TheDhamma wrote:We don't have caste in America or in Buddhism, so why do you feel you need to be in the military?
Just because your family was in the military for many generations? That is not anything unusual. In the past, most everyone served at least a few years in the military, or even as a career. Why not do what you like to do or what you have an aptitude to do?
appicchato wrote:Hi Individual,
Personally speaking, I'm not really sold on the idea of destiny (and this seems to be what you're basing your choice(s) on)...if I were asked, I'd suggest taking a closer look at the concept...be that as it may, I wish you success in your endeavors...
jcsuperstar wrote:i come from a marine family... but i desided that if i was to shave my heaad and and wear a uniform, it would be safforn robes not dress blues... you inherit your kamma like you inherit a house... burn that baby down!
Individual wrote:but if I serve well in the military (and it is doubtful I would kill anyone), then that would be good preparation for me being a Buddhist monk, or whatever else I might choose to be later in life.
zavk wrote:Hi Individual and other friends,
I grew up in Singapore which has conscription and I have actually served 2.5 years in the military. I was in a combat unit -- did the lot, fired guns, lobbed grenades, dug trenches, etc, etc.
So what are my views about a military career?
The military will do it what it can to mold its personnel into a particular worldview. Whilst it is true that one gets a lot of physical training and exercise in the military, I'd say its primary aim with regards to personnel is to put the individual through a thorough process of subjectification. In other words, all military activities are in the end, concerned with shaping the mind. This is of course necessary, especially if one is in a combat unit.
Now, people often ask me if I benefited from my stint in the army. I usually say that I absolutely detest the constant indoctrination that goes on as well as the fixation with power in some people of position. I do not agree that one has to enter the military to build 'character' for I do not think that subjectifying someone to a certain view is 'character-building'.
Having said that, when I think back to my time in the army, I'm still surprise at how much I was able to endure. I am still surprise at how much sh*t I could take, how much I could achieve when I set my mind to it. I really learned about the power of effort and determination.
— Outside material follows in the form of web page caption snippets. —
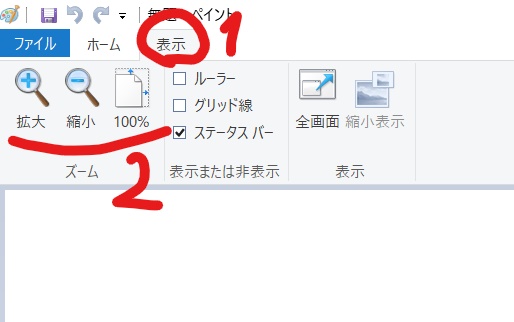 f:id:hipopocroco:20171016010405j:plain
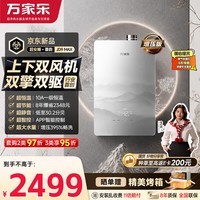 万家乐【小体积·JD9MAX·全红婵推荐】16升天然气增压一级静音以旧换新燃气热水器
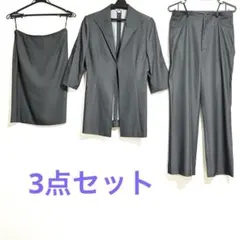 レディーススーツ3点セット 黒 9号 M 通勤 就活 美品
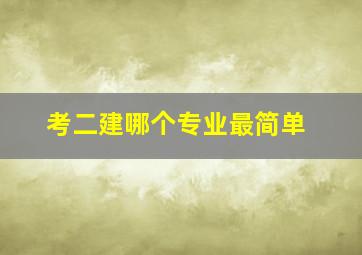 考二建哪个专业最简单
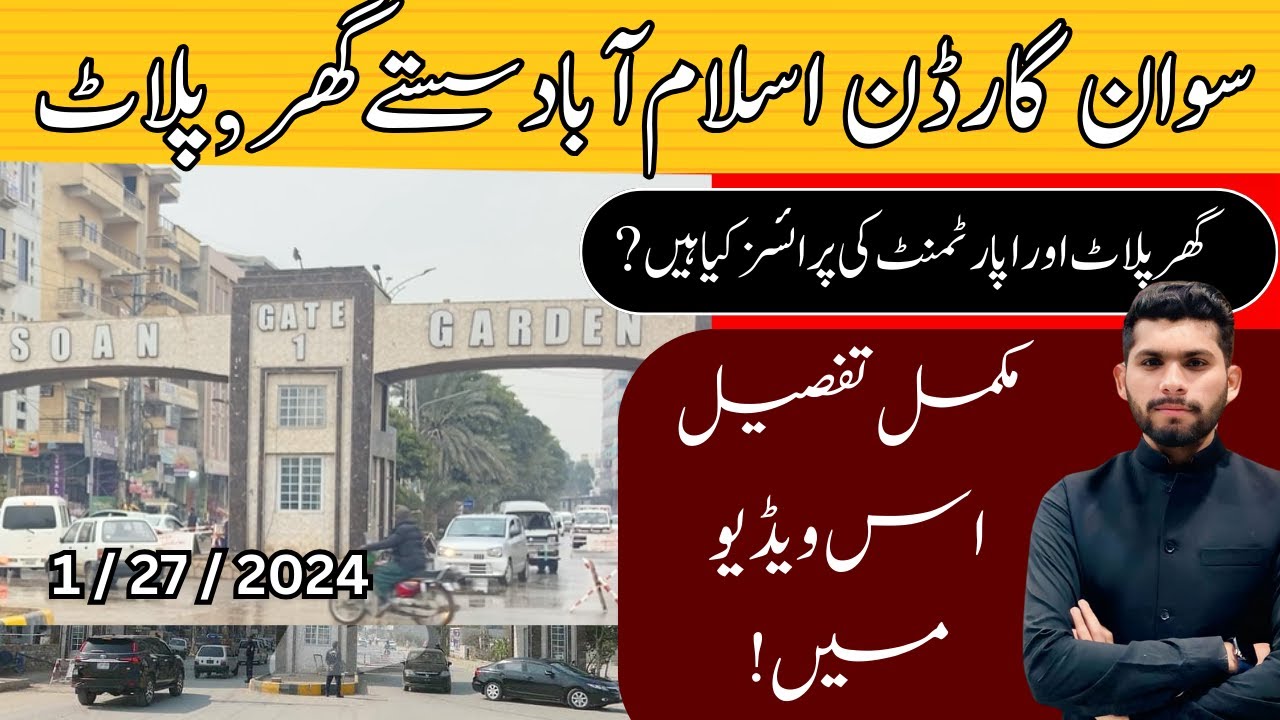 Soan Garden Islamabad | Thing You Should Know About Soan Garden Islamabad | Prices of House , Plots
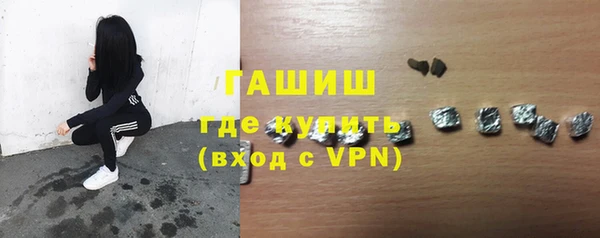 мефедрон VHQ Гусев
So, in terms of your question about whether military experience would prepare you to be a monk or not: I think it might help you insofar as you would be learning much about effort, determination and discipline. BUT the military isn't the only place where you can cultivate those qualities. The kind of discipline promoted in the military is of a specific kind, for a specific purpose.
Having said all that, please keep in mind that my stint in the military was NOT voluntary. So I think it won't surprise you that I don't feel too positive about it. The only thing I really appreciated about it was that it made me VERY VERY FIT and well, erm, I did look pretty darn fit too.
Individual wrote:if I serve well in the military (and it is doubtful I would kill anyone)
nathan wrote:I say this in compassion because I know far fewer people in the free world, since the last war, who have not had a hit from the bong, FIRST. Stop that.
Individual wrote:nathan wrote:I say this in compassion because I know far fewer people in the free world, since the last war, who have not had a hit from the bong, FIRST. Stop that.
That was dealt with several months ago.